One of the most widespread coniferous trees in western North America, lodgepole pines make up about 35 per cent of the forested land in Alberta and British Columbia, and are becoming more vulnerable to pests as global temperatures grow warmer, he notes.

“There is an increasing need to expand the tools to keep mountain pine beetle under control, and knowing more about the tree’s defence chemistry will help with this.”

For the experiment, the researchers took samples of phloem tissues — the tree’s vascular tissue in charge of transporting and distributing nutrients — from lodgepole pines infected with Atropellis canker and western gall rust, two of the most common fungal diseases affecting the trees in Western Canada.

They also infected mature lodgepole pines with three symbiotic fungal pathogens associated with the mountain pine beetle and collected phloem samples from those trees two weeks later, when the defence chemistry was at its highest level.

The chemical profiles of these samples were then compared with those from healthy trees.

Overall, the results showed that the three symbiotic fungal species and the western gall rust altered terpenes — metabolites in the pine tree that help launch a chemical defence against infection — similarly, by reducing the production of compounds toxic to mountain pine beetles, suggesting these trees could be vulnerable to infestation.

However, the pathogen causing the canker had a different effect: it was the only one that increased the production of most of the terpenes that are toxic to the beetle. In addition, the study identified, for the first time, 66 metabolites exclusively associated with the canker, which can indicate how severe the infection is and also differentiate the disease from western gall rust.
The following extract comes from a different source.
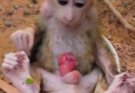 Deeply Pity, Twin Newborn Baby Monkey Are Very Sad Wild Getting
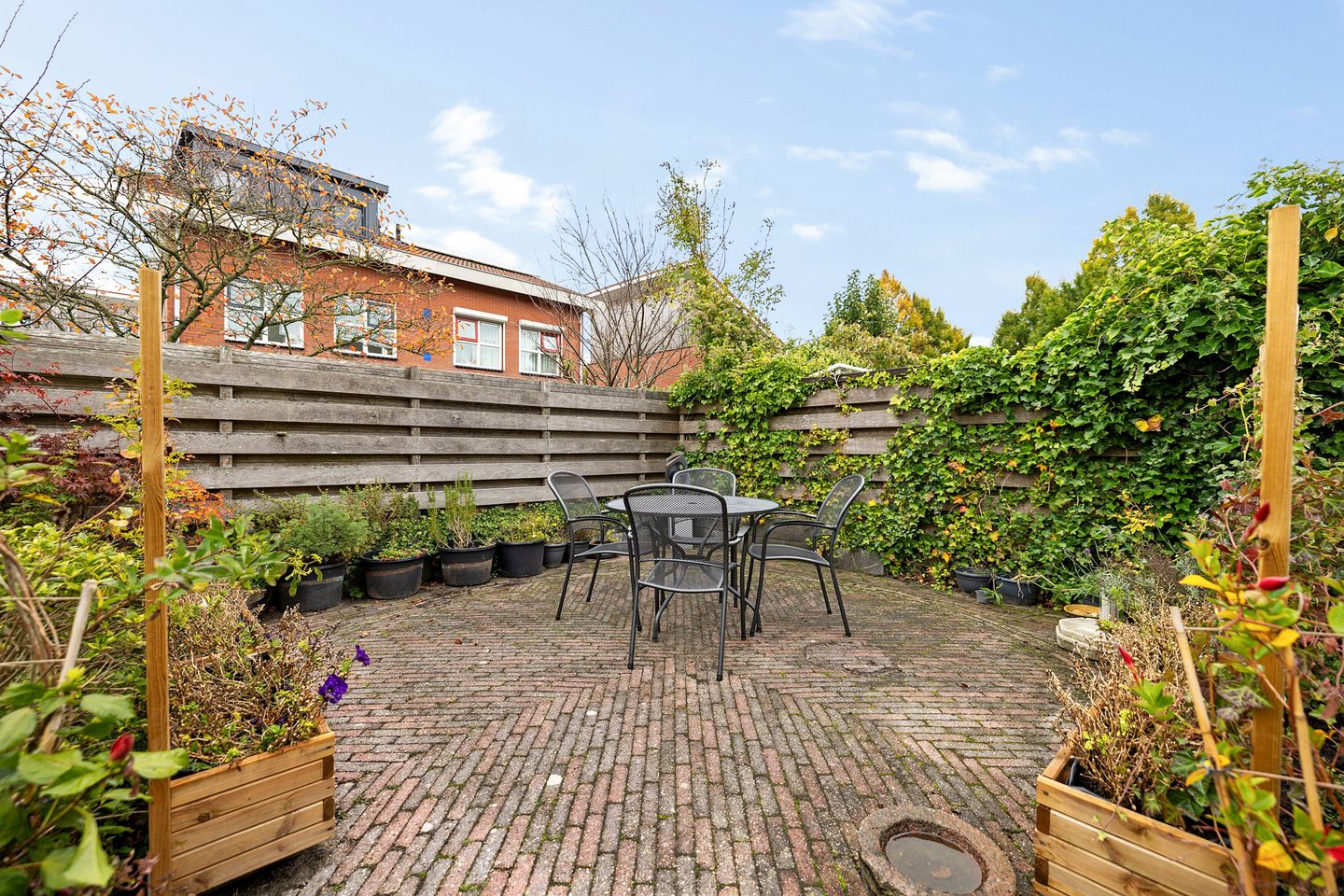 Foto 35 van De Skuorrereed 6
The findings show the value of using the emerging approach of metabolomics — the tree’s own chemistry — as a diagnostic tool, says Zaman, who works under the supervision of U of A forest entomologist Nadir Erbilgin, one of the co-authors on the study.

“The process helps us understand how infection alters the host tree’s defence chemistry, making it vulnerable to mountain pine beetle attack. This gives us information long before an attack.” 

Much earlier diagnosis is crucial to ultimately lessening the trees’ susceptibility to pest invasion, he adds.

“If we can detect the trees in the early stages of infection in a forest, management practices can prevent the spread of the infection by measures such as using insect traps and harvesting healthy trees to avoid spread, or by burning infected trees.”

As well, the researchers developed a potential monitoring tool through the study, by baiting insect traps with the chemical compounds taken from trees infected by each of the five fungal pathogens. Hung in the forest, the traps — which Zaman hopes can eventually be used by forest managers on a widespread basis — showed which of the terpenes attracted or repelled mountain pine beetles.

They were also useful in detecting the low density of the mountain pine beetles, which is important to forest ecology, says Zaman.

Currently, available baits only attract the beetles when their population is high, so a product is needed to monitor the insects when their numbers are low and beneficial to forest health.

“By attacking weak and dead trees, the beetle helps with decomposition, so we don’t want to eradicate it as a species.”

The findings also represent a stepping stone for further research aimed at breeding the trees to be more resistant to disease-causing fungi and pests like mountain pine beetles, says Zaman.

“We’ve been able to show which metabolic compounds are responsible for a specific pathogen. With more research, we can understand which specific genes are responsible for the production of toxic compounds, and then we can create more resistant genotypes of the tree.”

The study was funded by the fRI Mountain Pine Beetle Ecology Program, a Natural Sciences and Engineering Research Council of Canada Discovery Grant awarded to Erbilgin, and SERG International. Zaman was also supported by the U of A’s Anina Hundsdoerfer Memorial Graduate Scholarship.